EXERCISE BRIEF:
Please reproduce the listing in its entirety, exactly as written, but without images.

EXCERPTED RECORDS:

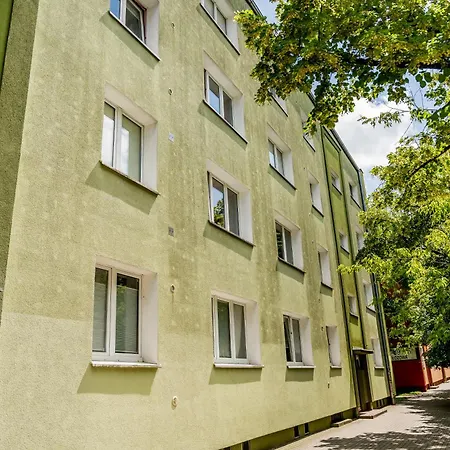 Apartman Lozowa Homely By Bookinghost *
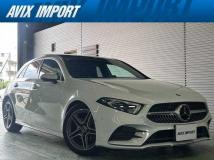2020 Mercedes-Benz A-Class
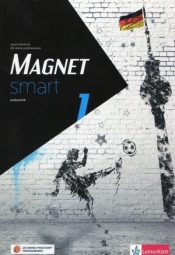 Magnet Smart 1 Podręcznik - Motta Giorgio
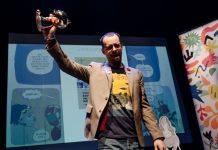 Brazil’s MARCELLO QUINTANILHA wins best book at ANGOULÊME AWARDS 2022 as US and Canada also take home prizes
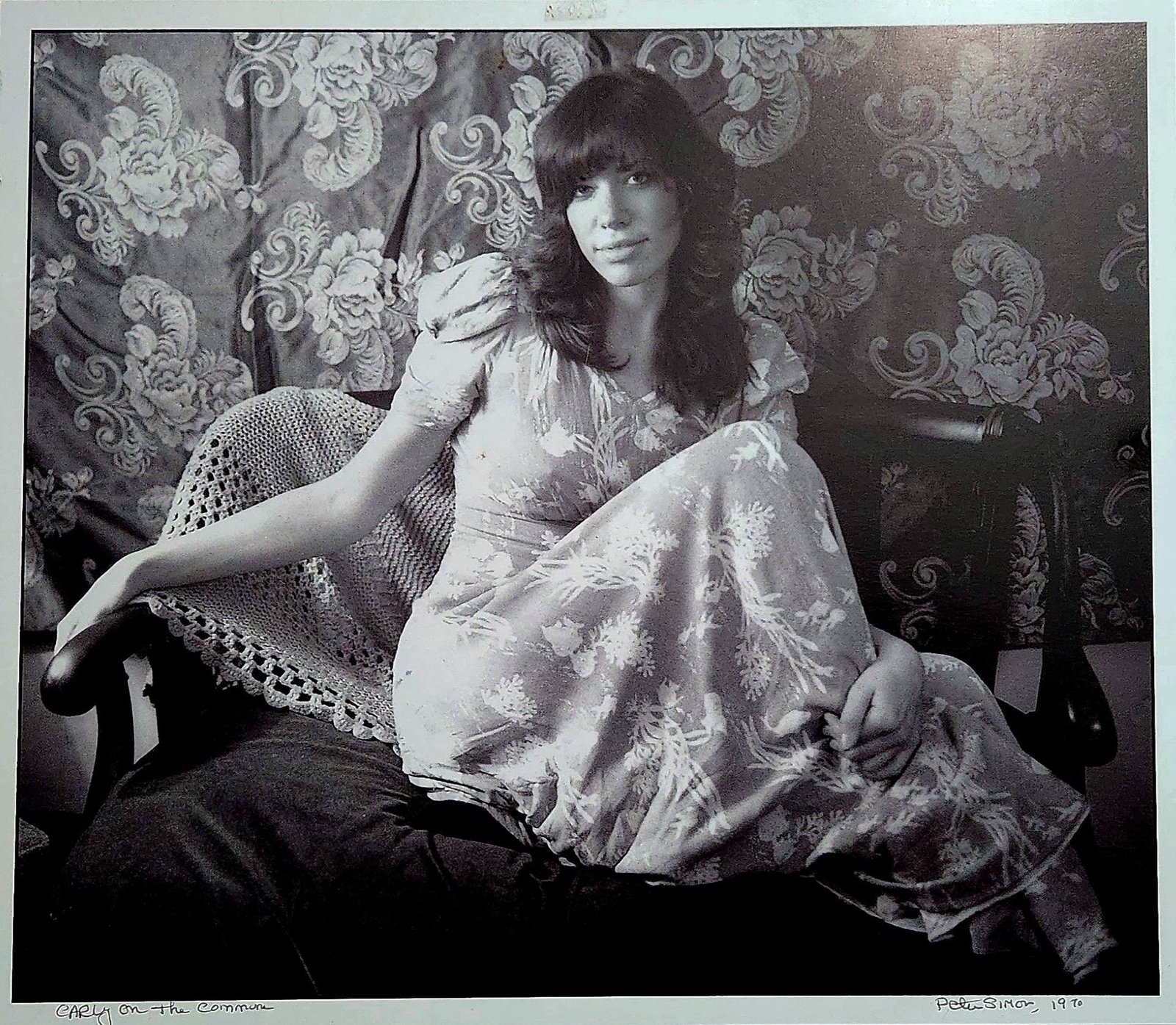 Carly Simon Fotoğrafı - 1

OUTPUT FOR THIS EXERCISE:
 Apartman Lozowa Homely By Bookinghost *
2020 Mercedes-Benz A-Class
 Magnet Smart 1 Podręcznik - Motta Giorgio
 Brazil’s MARCELLO QUINTANILHA wins best book at ANGOULÊME AWARDS 2022 as US and Canada also take home prizes
 Carly Simon Fotoğrafı - 1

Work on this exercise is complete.